My problem with Shirley’s account is that there are too many errors in the book. Among those errors is his view that the economy was weak in 1978. To the contrary, the economy was in an all-out boom. That is the reason the Republicans made only marginal gains in the House and Senate races. He pays lip service to the roll of California’s Proposition 13 which set off a wave of tax cutting in the states and it help legitimize the Kemp-Roth tax cut the Republican were advancing. Without Proposition 13 there would be no Kemp-Roth. He also omits the Steiger Amendment which lowered the capital gains tax in an overwhelmingly Democratic Congress in 1978. Change was in the air and Reagan knew it.

Shirley also misstates Lyndon Johnson record on civil rights. To be sure Johnson was slow to civil rights, but it was through his efforts that the first civil rights legislation since reconstruction passed in 1957 and 1959.

Shirley spends a great deal of time on Reagan’s opposition to the Panama Canal Treaties which became a cause celeb among the Republican right. The treaties passed and now 40 years later nothing really bad has happened. He should have noted that it was a political gimmick from the beginning. But it worked.

Finally although breezy reads well, the book needed much better editing and fact checking. Thus I can only rate it a modest three stars. 

Tuesday, August 15, 2017

My Amazon Review of Graham Allison's "Destined for War: Can America and China Escape Thucydides's Trap"

Collision Course?

Graham Allison the Director of Harvard’s Belfer Center and former Dean of its Kennedy School has written a thought provoking book that should keep leaders on both sides of the Pacific awake at night. To Allison the rise of China to challenge the United States is a replay of the ancient Peloponnesian War where “it was the rise of Athens and the fear that it instilled in Sparta that made war inevitable” in the memorable words of Thucydides. By going through sixteen case studies where a rising power challenged an incumbent power Allison is careful to note that war is not inevitable, but it is likely.

The most glaring case study is that of the rise of Germany in the late 19th century to challenge the hegemony of England and the parallel rise of post-1905 Russia to challenge Germany on the continent created so much fear among the parties that the spark of an assassination in the Balkans heralded the onset of World War I.  In contrast the American challenge to England during the same time period led to a rapprochement between the two powers that exists through today. But what it took was England’s willingness to give America a free hand in the America’s. In the two cases I just cited economic rivalry preceded geopolitical rivalry.

So it is today with the U.S. and China.
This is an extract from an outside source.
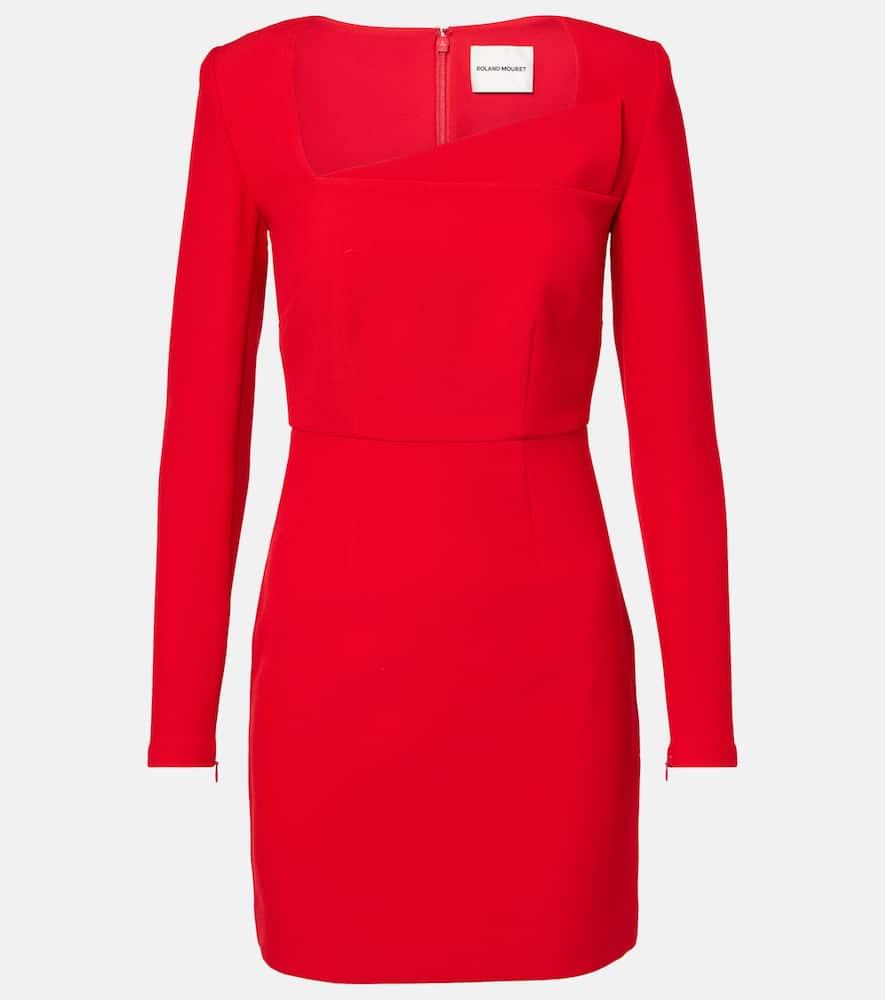 roland mouret asymmetric crêpe minidress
On purchasing power parity basis the Chinese economy is now larger than that of the U.S. and the fear of Chinese economic power is a constant drumbeat among American politicians. The question for the U.S. and China is the same that was presented to Sparta and Athens is whether or not an accommodation can be made. That would require either China pulling back on its ambitions to establish a sphere of influence in Southeast Asia or for the U.S. to accept the fact that Chinese ambitions are legitimate. Given what is going on with North Korea today it hard to tell whether diplomatic accommodations can be made. Of course for the U.S. to  cede Southeast Asia to China there would have to a high degree of confidence that the Chinese goals are limited just as the U.S. goals towards Latin America were limited at the turn of the 20th century.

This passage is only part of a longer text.